You can, of course, use the old flashes in manual or semi-automatic modes, but with the introduction of TTL, all my brain cells that remembered how to do this died.
The digital CCD is smaller than a standard piece of 35mm film, so you are effectively cropping out the center of each shot. You paid gobs of money for lenses that could produce a good image over the entire 35mm film area, and you're now using only 2/3 of it or so. This makes it very difficult to take wide-angle photos. If you compare full-frame shots taken with the same lens on a film and my digital 35mm cameras, digital camera effectively multiplies the focal length by about 1.5. So if you slap on a 300mm lens, it's like using a 450mm lens on a film camera.
This seems cool if you use telephoto lenses a lot, but if you want the equivalent of a 20mm wide-angle shot on a digital camera, you'd need to purchase a 14mm lens, which is not a cheap prospect at all.
When I think of a pixel, I think of one spot on a computer screen that can display any color; a combination of red, green and blue. But on a camera, the advertized pixel count is simply the number of receptors. Each receptor can only (except on the Sigma Foveon cameras) receive one color -- red, green or blue. So at first glance, it looks like you should divide the advertised number by 3. But it's worse -- you really need to divide by 4, since the green receptors don't work as well and almost every digital camera uses two green receptors for each red and blue.
What the digital cameras then do is to take the data from all these red, green, green and blue receptors and expand it to be a much larger number of pixels with clever extrapolation algorithms.
On a digital SLR, however, it isn't quite that bad, however. A typical pixel on a computer screen has 8 bits of accuracy in each of the channels. In other words, it can distinguish 256 levels of red, green and blue for a total of 236x256x256 colors -- around 16 million. But the receptors on the Nikon, at least, can distinguish 12 bits of color for 4096 different shades of red, green and blue. This extra information makes the extrapolation more efficient, but it is hard to know the exact relationship between the advertised number of pixels in a digital camera and the number of "good" screen pixels you'll get on your computer.

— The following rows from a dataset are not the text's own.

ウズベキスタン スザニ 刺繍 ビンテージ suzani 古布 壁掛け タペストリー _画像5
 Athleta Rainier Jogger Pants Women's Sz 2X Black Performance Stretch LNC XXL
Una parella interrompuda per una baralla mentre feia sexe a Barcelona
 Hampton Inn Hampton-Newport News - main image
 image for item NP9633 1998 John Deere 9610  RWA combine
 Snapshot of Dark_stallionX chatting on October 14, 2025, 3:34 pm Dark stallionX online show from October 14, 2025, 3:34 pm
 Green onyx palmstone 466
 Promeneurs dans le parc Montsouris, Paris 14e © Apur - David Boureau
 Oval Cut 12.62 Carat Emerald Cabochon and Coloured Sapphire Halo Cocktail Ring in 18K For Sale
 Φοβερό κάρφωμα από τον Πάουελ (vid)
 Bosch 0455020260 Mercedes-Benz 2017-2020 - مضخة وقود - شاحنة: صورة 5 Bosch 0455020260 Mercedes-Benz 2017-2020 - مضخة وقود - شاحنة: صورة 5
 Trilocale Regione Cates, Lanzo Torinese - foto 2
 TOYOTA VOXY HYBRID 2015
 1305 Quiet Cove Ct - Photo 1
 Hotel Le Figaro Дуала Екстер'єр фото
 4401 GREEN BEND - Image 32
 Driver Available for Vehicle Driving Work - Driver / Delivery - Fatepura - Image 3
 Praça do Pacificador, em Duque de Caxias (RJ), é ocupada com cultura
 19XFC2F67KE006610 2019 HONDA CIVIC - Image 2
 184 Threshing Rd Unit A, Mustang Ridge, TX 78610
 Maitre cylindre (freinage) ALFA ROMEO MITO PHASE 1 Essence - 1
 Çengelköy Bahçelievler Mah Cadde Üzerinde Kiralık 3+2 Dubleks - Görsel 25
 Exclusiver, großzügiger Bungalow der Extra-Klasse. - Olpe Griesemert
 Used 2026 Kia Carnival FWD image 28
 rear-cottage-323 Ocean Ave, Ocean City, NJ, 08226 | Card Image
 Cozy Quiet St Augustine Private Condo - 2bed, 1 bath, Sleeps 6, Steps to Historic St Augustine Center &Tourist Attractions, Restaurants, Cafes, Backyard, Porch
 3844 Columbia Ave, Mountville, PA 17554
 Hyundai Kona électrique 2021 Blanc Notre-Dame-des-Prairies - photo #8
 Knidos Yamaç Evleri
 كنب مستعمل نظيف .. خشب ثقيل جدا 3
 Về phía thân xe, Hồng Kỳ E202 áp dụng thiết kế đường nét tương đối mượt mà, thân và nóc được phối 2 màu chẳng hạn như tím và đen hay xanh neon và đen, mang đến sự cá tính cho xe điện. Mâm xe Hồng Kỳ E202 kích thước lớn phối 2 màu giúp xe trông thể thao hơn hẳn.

The penalty for storing images in raw mode is simply the size. On my D100, each raw-mode image requires 9.6 megabytes of storage which can add up fairly quickly. If you get a 1 gigabyte IBM microdrive, it holds 103 raw-mode images on the Nikon D100. By contrast, it would hold more than 300 of the highest-quality jpeg images, or thousands of the low-quality images.
Here are some additional notes on RAW mode that you may find helpful.
If you decide to take raw mode photos on vacation, you'll need to take a laptop along to transfer your images every evening. This has the added advantage that you can toss out the ones that are bad, but not so bad that they don't look OK on the monitor on the back of the camera body. Obviously, for a day trip, 100 photos is usually plenty, especially since you can blow away the obvious errors just after they're taken.
There is also a limit to how fast the data can be read out of the CCD to the buffer. On my camera it's about 1/3 second per shot. The bottom line is that I can take at most 3 shots per second, for up to four shots. Then I have to wait about 4 seconds for each additional shot. This doesn't seem too bad, but for flying birds or fast-moving sporting events, it's a pain in the butt, where a Nikon F5 can take 8 shots per second for a whole roll of 36.